Douglas was incensed, and his anger elicited his eloquence, as he rose in defense of the principle of free speech:
Full and free discussion has indeed been the first article of our faith. We have founded our political system on it. It has been the safeguard of every religious, political, philosophical, economic, and racial group amongst us. We have counted on it to keep us from embracing what is cheap and false; we have trusted the common sense of our people to choose the doctrine true to our genius and to reject the rest. This has been the one single outstanding tenet that has made our institutions the symbol of freedom and equality. We have deemed it more costly to liberty to suppress a despised minority than to let them vent their spleen. We have above all else feared the political censor. We have wanted a land where our people can be exposed to all the diverse creeds and cultures of the world.38
Black dissented as well, and in the years to come “Black and Douglas, dissenting,” would become a staple of the Vinson Court. By the time Warren arrived, Douglas’s views were steadfast and hardening. He believed simply that government intruded too deeply in the lives of its citizens, and as a judge he enjoyed clipping the wings of government officials at all levels who stymied civil liberties. Douglas eventually would draft the Court’s signature work on the privacy of the individual, and thus of the limit of legitimate government interference in the lives of its citizens.

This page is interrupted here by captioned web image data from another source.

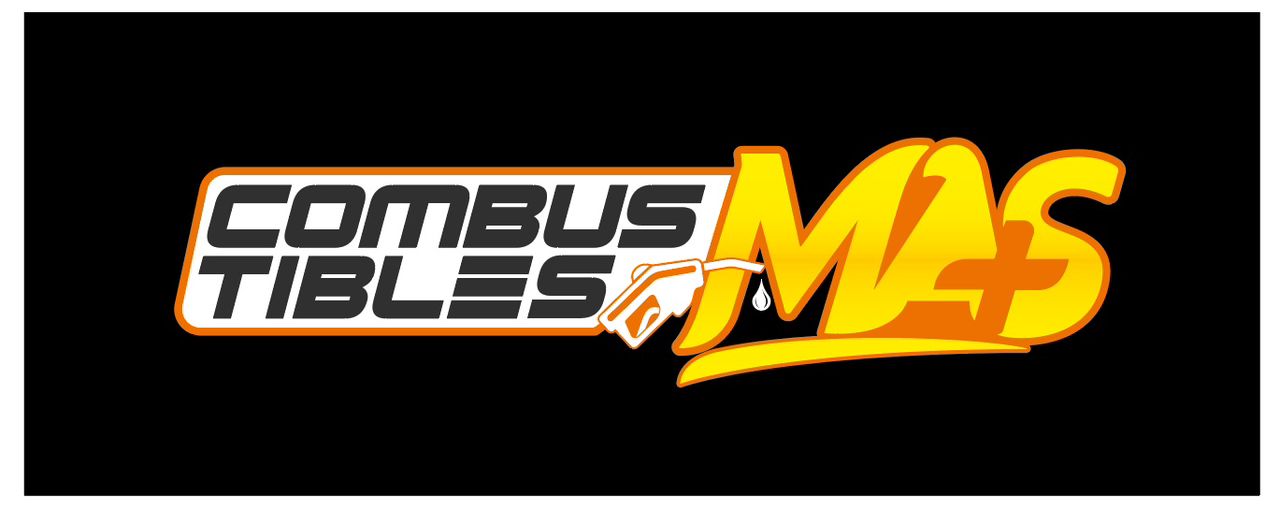 Logo 2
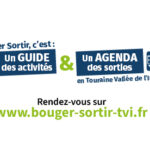 Inscrire un événement dans l'agenda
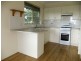 Maclean NSW 2463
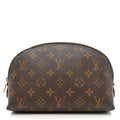 Louis Vuitton Monogram Cosmetic Pouch GM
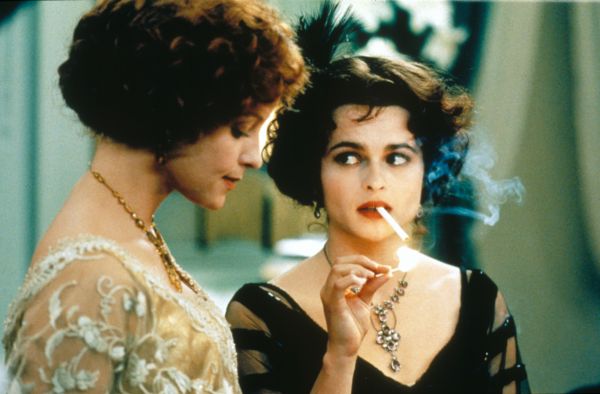 hbc-thewingsofadove-stills-07.jpg
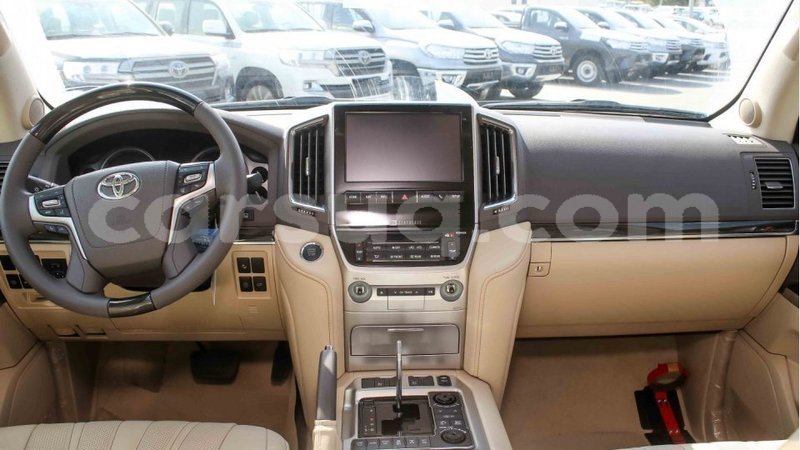 Big with watermark toyota land cruiser barh el gazel import dubai 2185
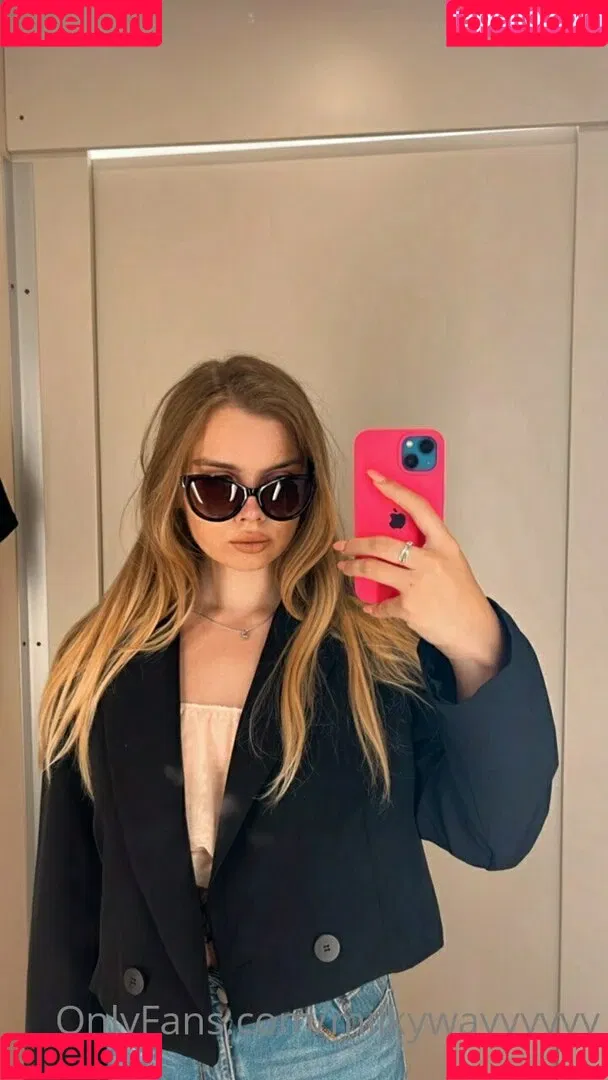 yourdolllilith Onlyfans Photo Gallery 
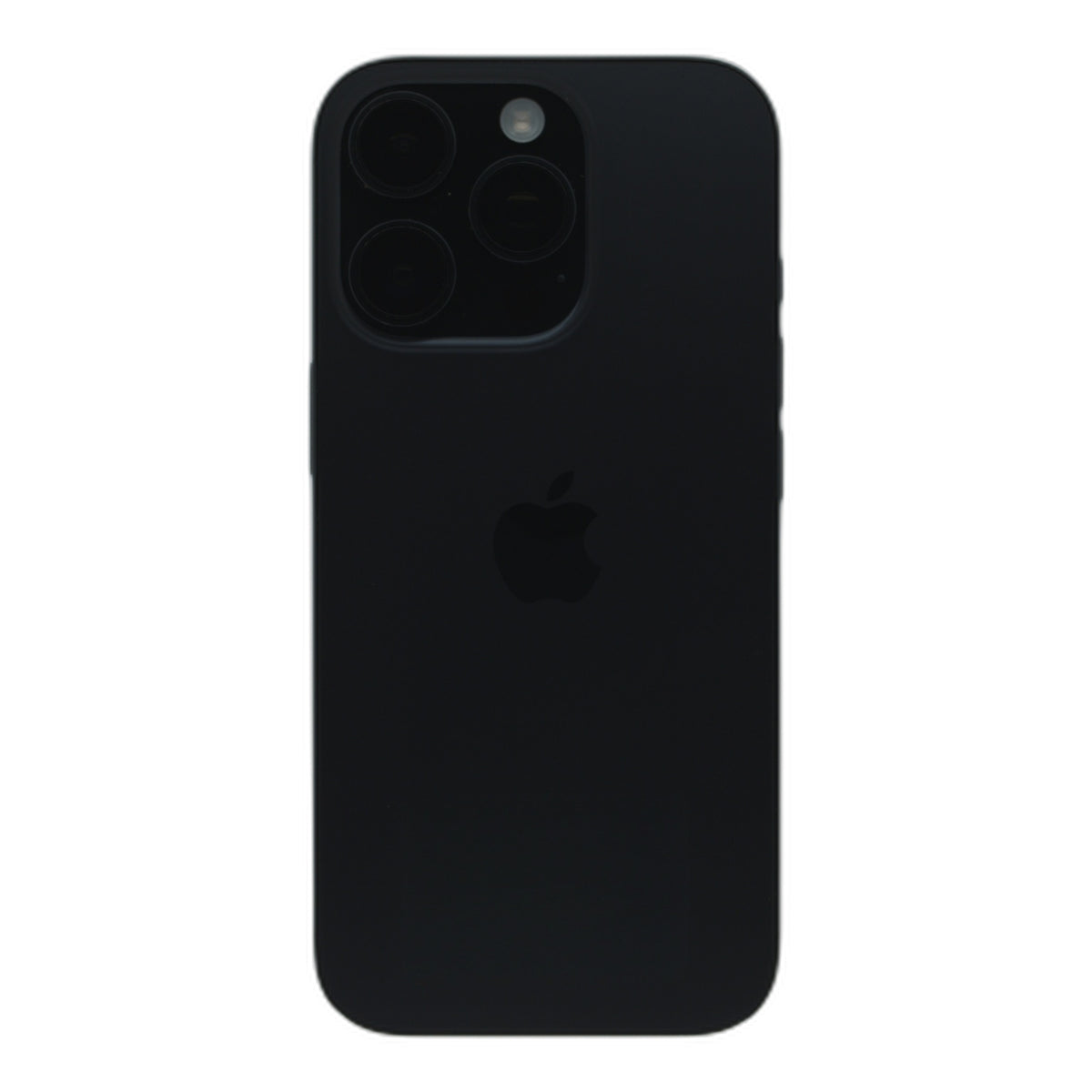 95新 Apple iPhone 16 Pro 256G 黑色鈦金屬 中國大陸版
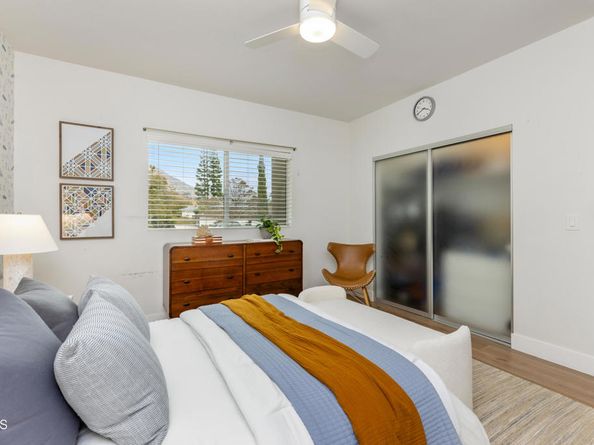 2065 Liliano Drive, Sierra Madre CA 91024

The Court, in Douglas’s view, existed to protect those citizens—to demand the fulfillment of their rights in the face of a government sometimes all too willing to subordinate them. In his core, Douglas was an individualist, and though he would become the whipping boy for generations of conservatives, he was, in many ways, one of them: rugged, independent, suspicious of the state, and committed to the individual.
Black appreciated Douglas’s idiosyncrasies. They were singular men, willing to live apart from those around them. Black in his years as a justice would disappoint many of his Alabama friends. Douglas would disappoint almost everyone who cared about him personally. And so they found each other, and they liked and appreciated each other. When Stone died on the bench, Douglas hoped Black would ascend to the chief justiceship. When Vinson died in his apartment, Douglas again pulled for his Southern colleague. This time, it was Warren who received the nod.

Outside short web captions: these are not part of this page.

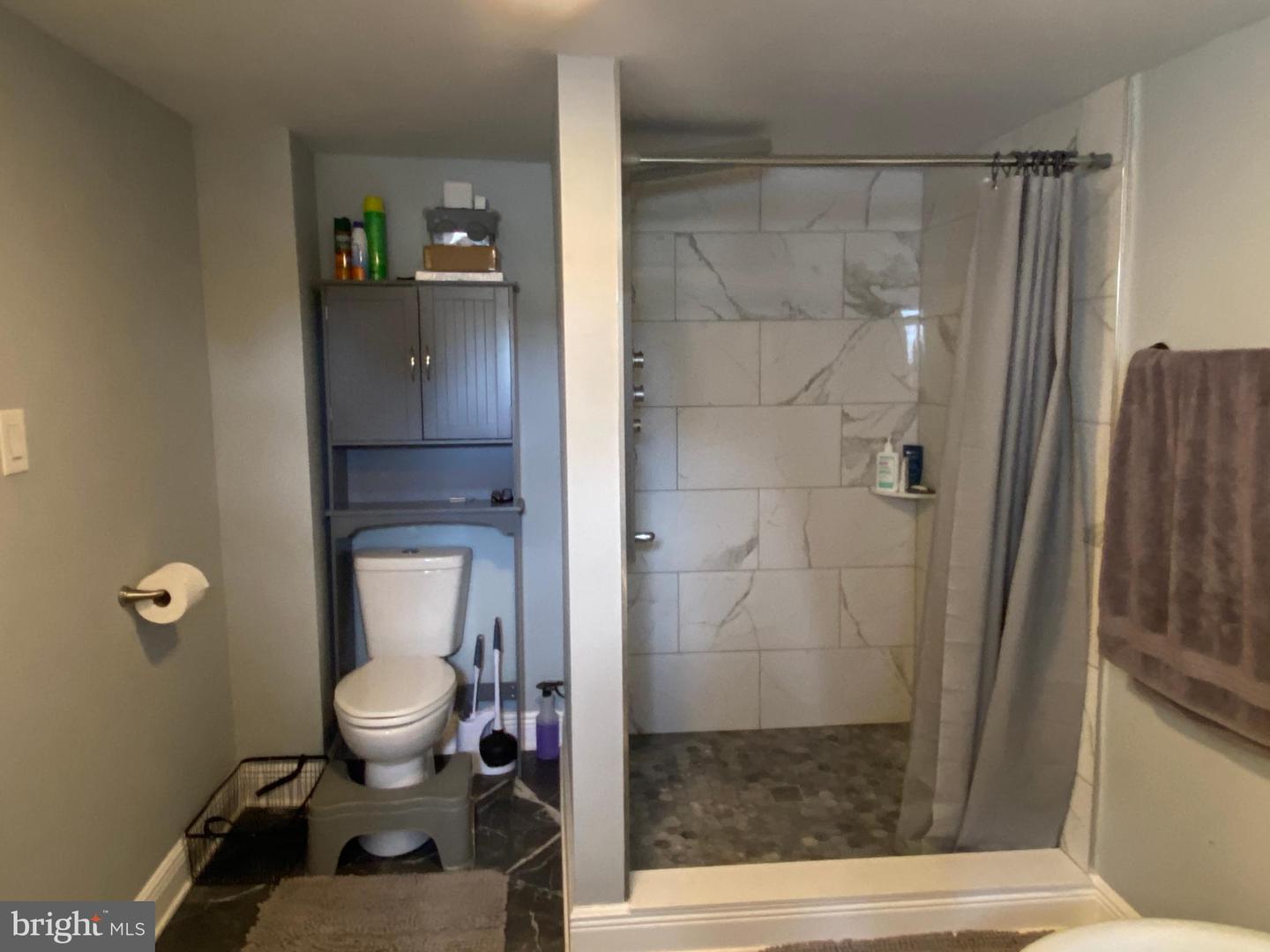522 W King St Property Photo 29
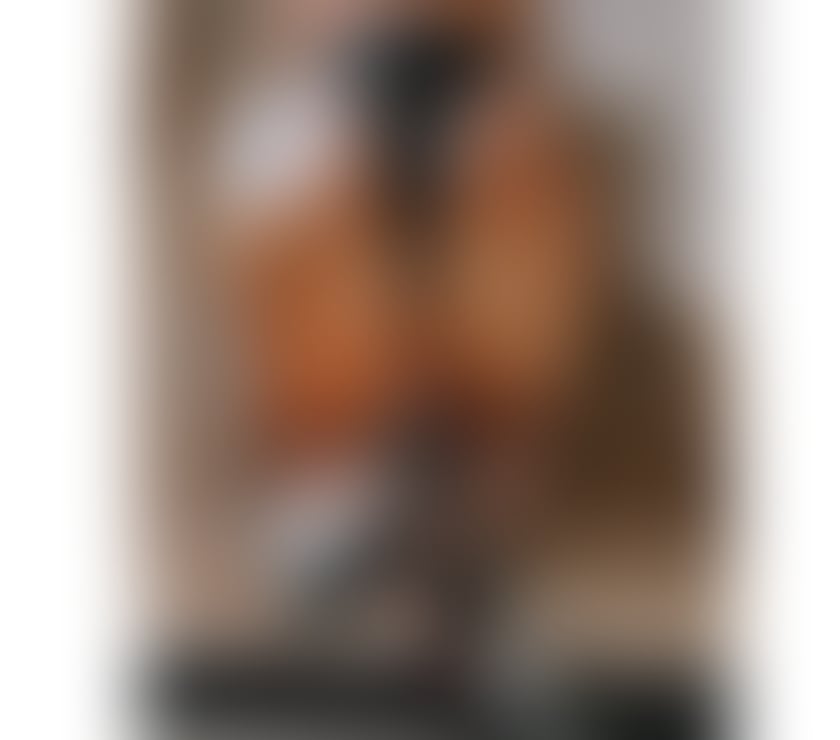 Naughty English lady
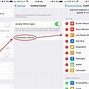 Image result for iPhone Box Arrow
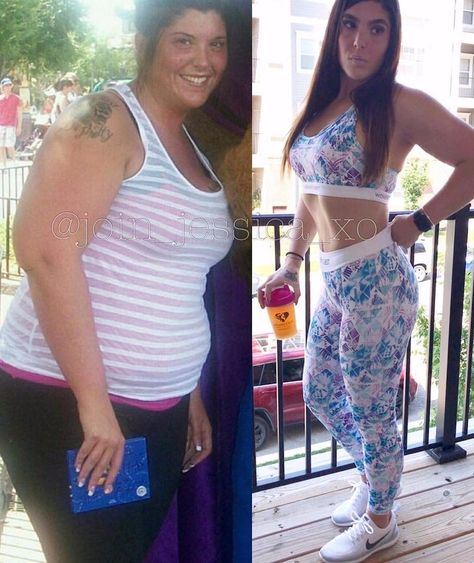 Lose 30 Pounds, Gain Weight, Lose 20 Pounds, Transformation Body, Get In Shape, Fitness Tracker, Healthy Weight, Yoga Fitness, Fat Burning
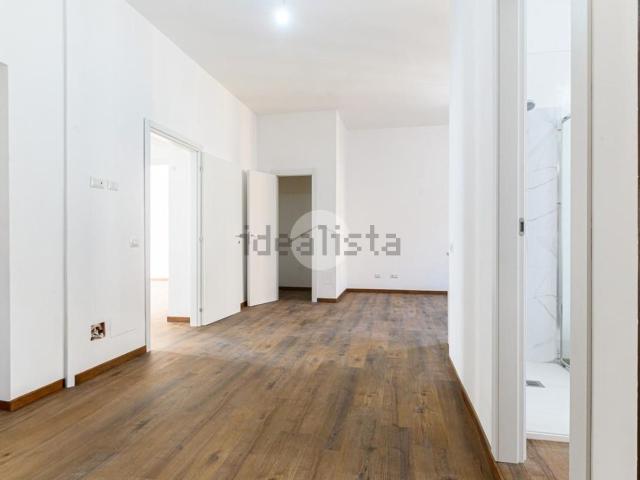 Appartamento in vendita di 110 m² in Via Cosseria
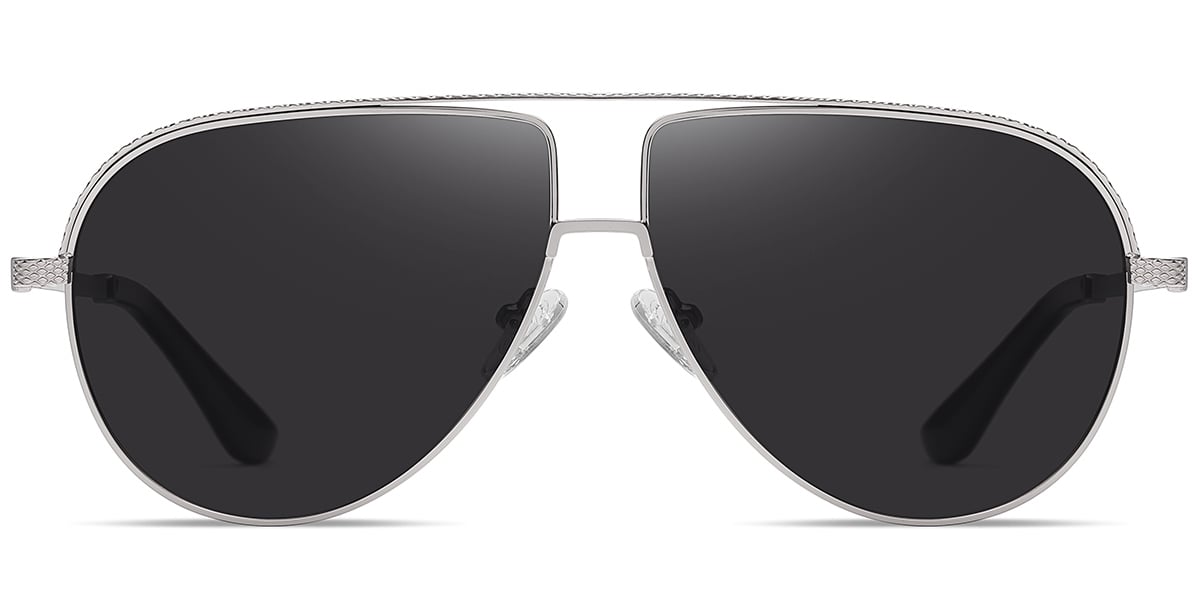 Hope Sparkle Eyewear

In 1953, Warren and Douglas were two of America’s most prominent Western politicians, and though they were of different parties, their paths had crossed. Warren recalled meeting Douglas at legal gatherings, but said they were only “slightly acquainted.”39 Douglas thought their bond deeper, and was one of thousands who took the time to write to Warren to express his sympathies and well-wishes for Honey Bear when she was struck with polio. The letter, Warren said in reply, “touched us deeply,” adding that Honey Bear was looking forward to reading Douglas’s memoir, Of Men and Mountains.40 Given his regard for Warren, Douglas remembered being “more delighted than surprised” when Eisenhower named Warren to the Court.41
And so, on the first weekend of October in 1953, Warren signed the papers resigning the governorship of California and flew to Washington to join his new colleagues, whose work had now become his and whose family he would now preside over. So quick was Warren’s transition from governor to chief justice that he arrived without a robe and had to borrow one. At precisely noon on October 5, 1953, the Court clerk read Warren’s appointment, and Warren took the judicial oath. He then was escorted to the Court’s center chair, reserved for the chief justice, and as he stepped up to occupy it, Warren tripped on the hem of the borrowed robe, almost falling into the chair. “I suppose it could be said that I literally stumbled onto the bench,” he remembered.42
President Eisenhower and his wife attended the ceremony, as did Richard and Pat Nixon. Warren’s old friend and trusted aide Warren Olney III was on hand as well, waiting for admission to the Supreme Court bar, as he had come to work for the Justice Department as an assistant attorney general. Nixon moved for Olney’s admission (and muffed his line, presenting Olney for “nomination” rather than “admission,” a slip that Warren noted and could not resist including in his memoirs). 43 From his post, Warren administered the oath to his old friend.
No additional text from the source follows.